My blood pressure was a bit high. Allergy-related stuff good enough that Dr. Sigford suggested I try using nasal spray once rather than twice a day. And unless something happens, I'm okay for the next year.

The Aldi supermarket on Franklin was on my way home. Most of the groceries cost about half as much as they would have at Rainbow or Cub. Eggs would have cost less at Cub, which had a two-for-one special; but that wasn't worth making an extra trip.

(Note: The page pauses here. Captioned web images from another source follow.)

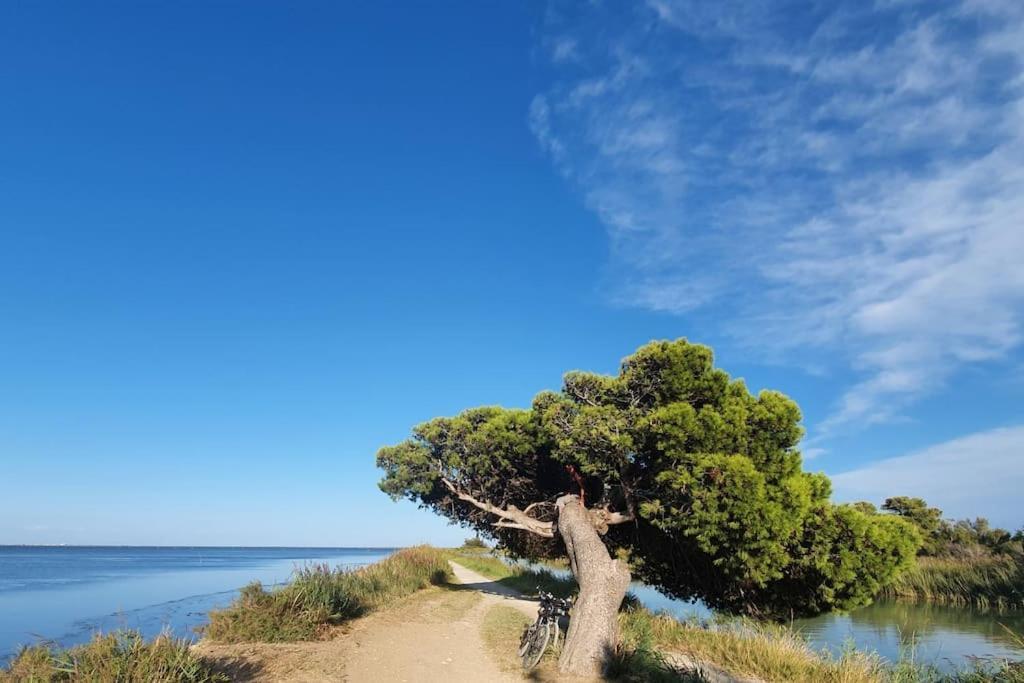 T2 Cosy A La Plage, Terrasse Vue Sur Mer Et Parking Privatif Narbonne Extérieur photo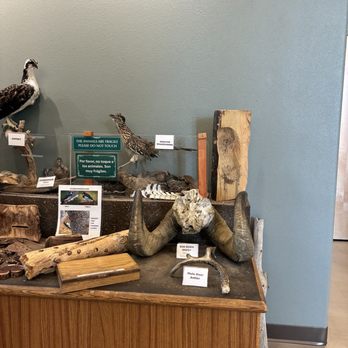 Big Bear Discovery Center - Hiking Near Me - Fawnskin, California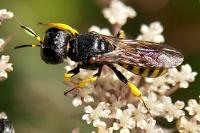 Lestica clypeata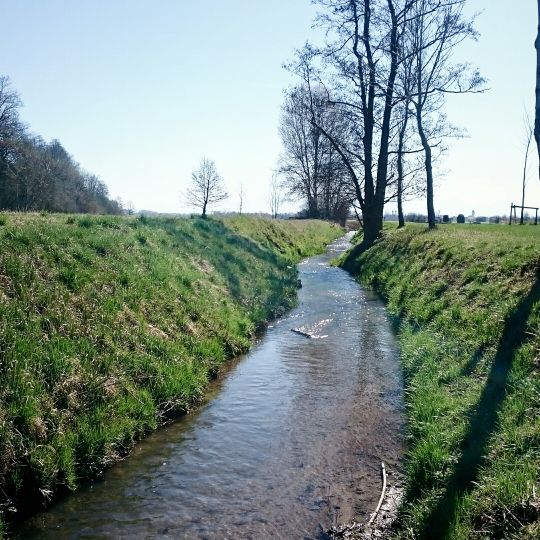 Moosbach (Högling)-2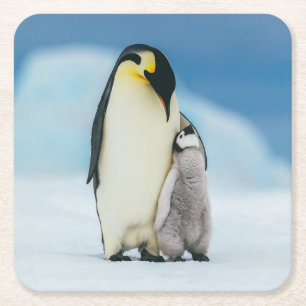 Cutest Baby Animals Emperor Penguin Chick Square Paper Coaster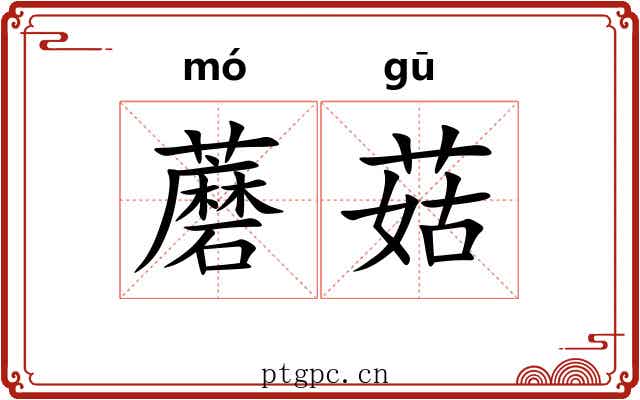 蘑菇 蘑菇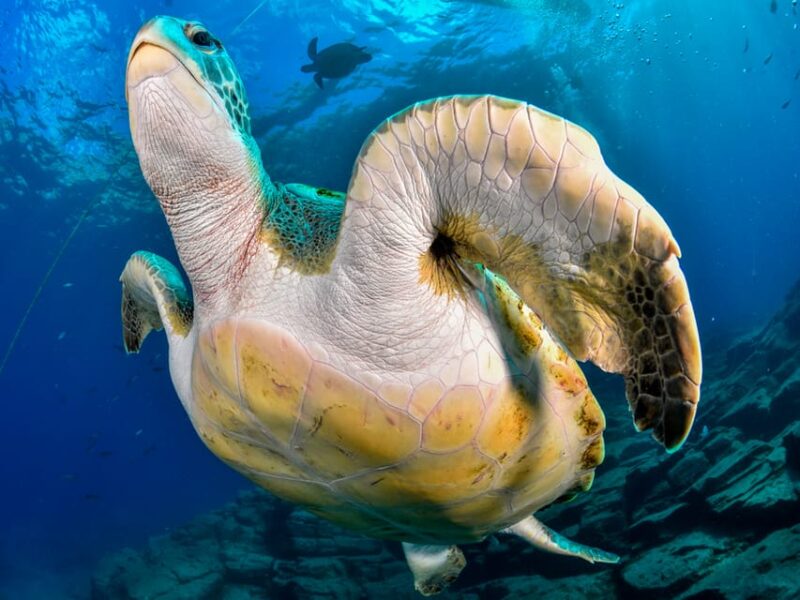 Snorkeling Boat Trip in Marine Turtles Natural Habitat - Customer Reviews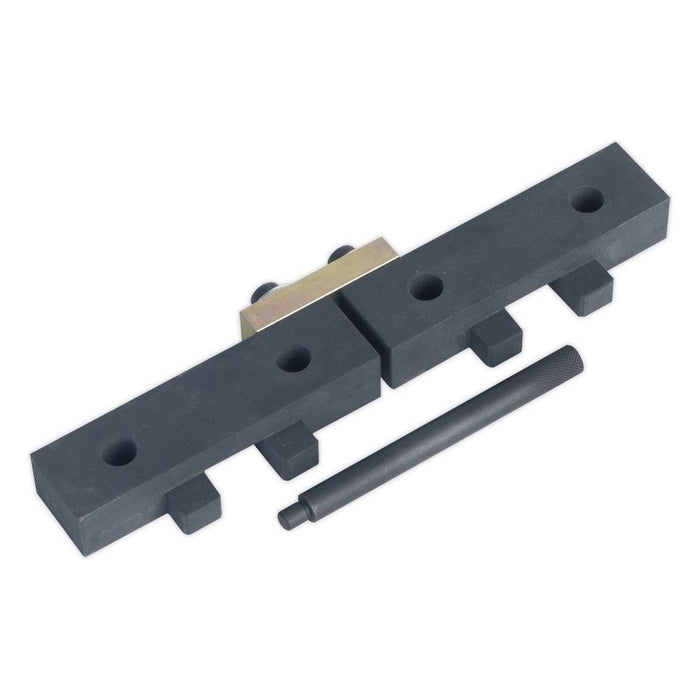 Sealey Petrol Engine Timing Tool Kit for BMW M42/M50/M52/M52TU/M54/M56 Chain Dri Sealey - Town Tools 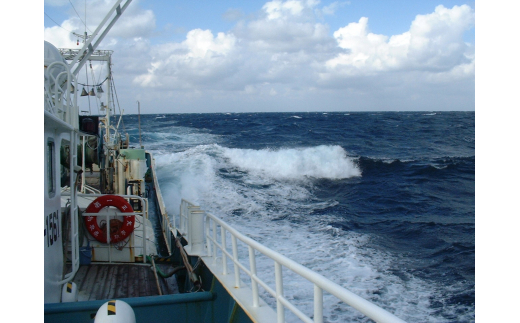 【先行予約】【魚倉】タグ付きボイル松葉ガニ（大800g）冷蔵 カニ ボイル 松葉ガニ タグ付き 新鮮 カニ爪 ズワイガニ ずわいがに 鮮度抜群 国産 鳥取県 倉吉市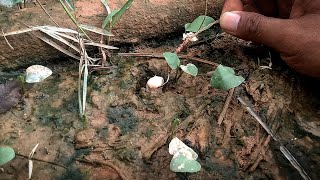 beginilah serunya mancing belut❗seru banget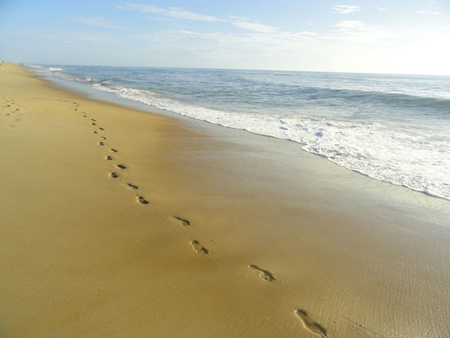 Footprints-in-Sand-by-Waves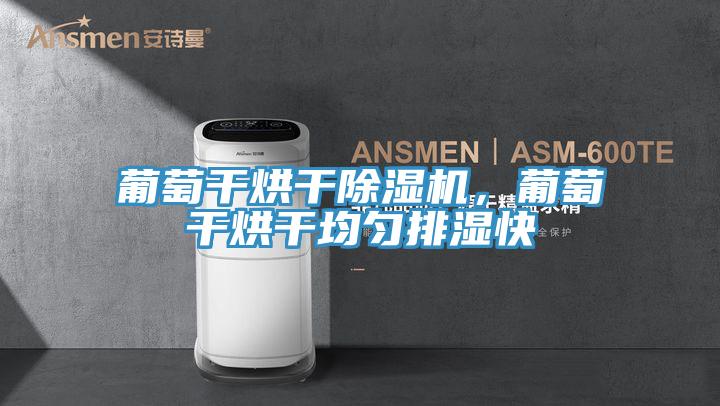 葡萄干烘干辣椒视频APP下载并安装，葡萄干烘干均匀排湿快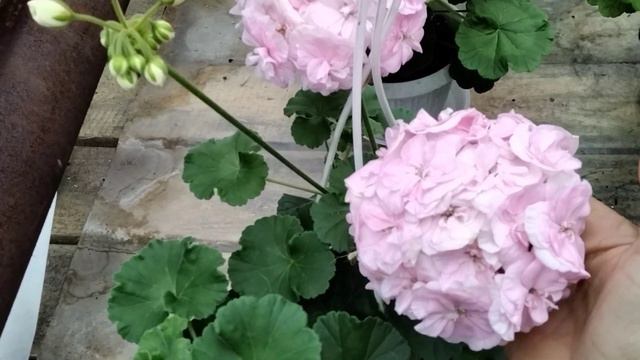 #73.Видео - обьявление о продаже свободных черенкков. смотреть онлайн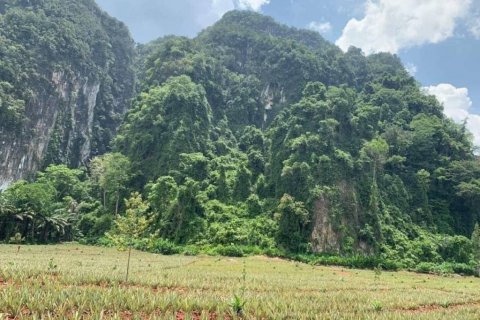 Terreno en Krabi, Tailandia № 134633 - foto 3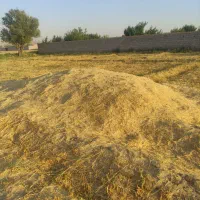 فروش کاه جو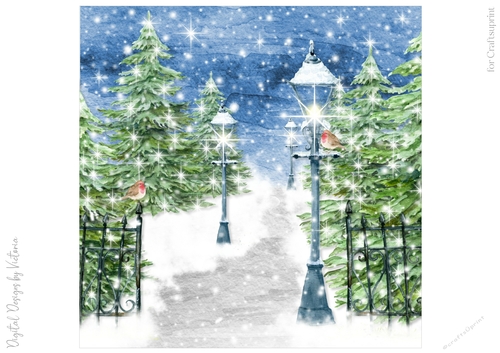 Snow Covered Park No.14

Shopped at Steeple People thrift shop.

Went to the Wedge Co-op, mostly to use the ATM. It was being repaired.

Went home. Took a nap.

_________
An email from Meetup.com said, among other things, that eBay was investing in Meetup. This might be good news. Or it might be an indication that Web companies are making the same "invest in umpteen businesses" mistake which leads to big losses when recession hits.
___________
Writing: Started a writing journal. Not awake enough to work on anything, or to do exercises.

Self-help information:

Decluttering: Trash out.

Selfwork:
Finance:
_________
From the livescience LiveJournal feed:
03:33 am - View of Easter Island Disaster All Wrong, Researchers Say

http://feeds.feedburner.com/Livesciencecom?m=662
Easter Island's inhabitants may not have destroyed their own island. Instead, perhaps the Europeans were responsible.

03:33 am - Back From the Dead: Living Fossil Identified

http://feeds.feedburner.com/Livesciencecom?m=663
Scientists correct classification error, find evidence that a rodent extinct for 11 million years is still around.